If you run docker ps, you should see a collection of Docker containers now running.

Container Name Part of Flow stack or Demo? Description

flow

Flow

The core Flow server, which provides our UI, and runs all our integration for us

management-center

Flow

The Management Center, for monitoring and managing Flow

films-api

Demo

A REST API, which exposes information about films. We also publish a Protobuf message to Kafka from here

pg-pagila

Demo

A Postgres DB, which contains the Postgres Pagila demo database for a fake DVD rental store

kafka

Demo (Kafka)

The Apache Kafka image

View the project

An empty project named films has been created for Flow to hold the connection details of our data sources, and schemas. The project is a Taxi project which gets edited locally, then checked into Git once you’re ready to go to production.

  • From the sidebar, click Projects

  • You will see the films project listed

  • Click on the project to view the details

Field Value

Organisation

com.hazelflix

Version

0.1.0

As we progress through this tutorial, we’ll be adding connections to our database, REST API and Kafka topic to this project. You can view the taxi schemas that Flow generates in this project.

Connect a database table

Next, we’ll add a connection to our database, and make a table available as a datasource that Flow can fetch data from.

This demo ships with an instance of the Postgres demo DB called Pagila.

Pagila contains several tables related to running a fictional DVD Rental store, including details of all sorts of different films, actors, etc. We’ll use this database as part of our walk through.

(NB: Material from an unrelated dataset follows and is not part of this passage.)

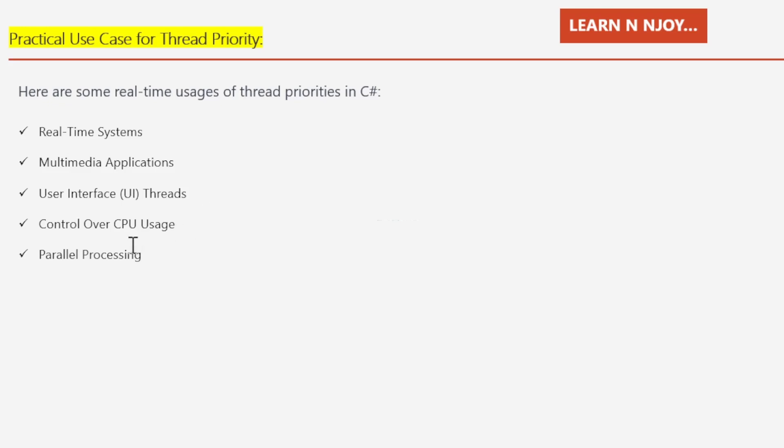Number four: Control over CPU usage. We can use thread priorities to control the overall CPU usage of our applications. For example, we might lower the priority of background tasks to ensure they don't consume excessive CPU resources when higher priority tasks need them.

To get started, click on Data sources on the side bar, and click Add a data source (or navigate to http://localhost:9021/data-source-manager/add)

Define the database connection

First, we need to tell Flow how to connect to the database.

  • From the project drop-down, select the "films" project

  • Select Database Table as the data source to add

  • For Connection, select Add a new connection…​

  • A pop-up window appears, allowing you to create a connection to our database

  • Fill in the form with the details below:

Parameter Value

Connection name

films-database

Connection type

Postgres

Host

pg-pagila

Port

5432

Database

pagila

Username

postgres

Password

admin

  • Click Test connection and wait for the connection test to be successful

  • Click Save.

The connection to the database has now been created, and the pop-up should close.

Select the table to import

Now that Flow has a connection to the database, we need to select the tables we want to make available for Flow to query from.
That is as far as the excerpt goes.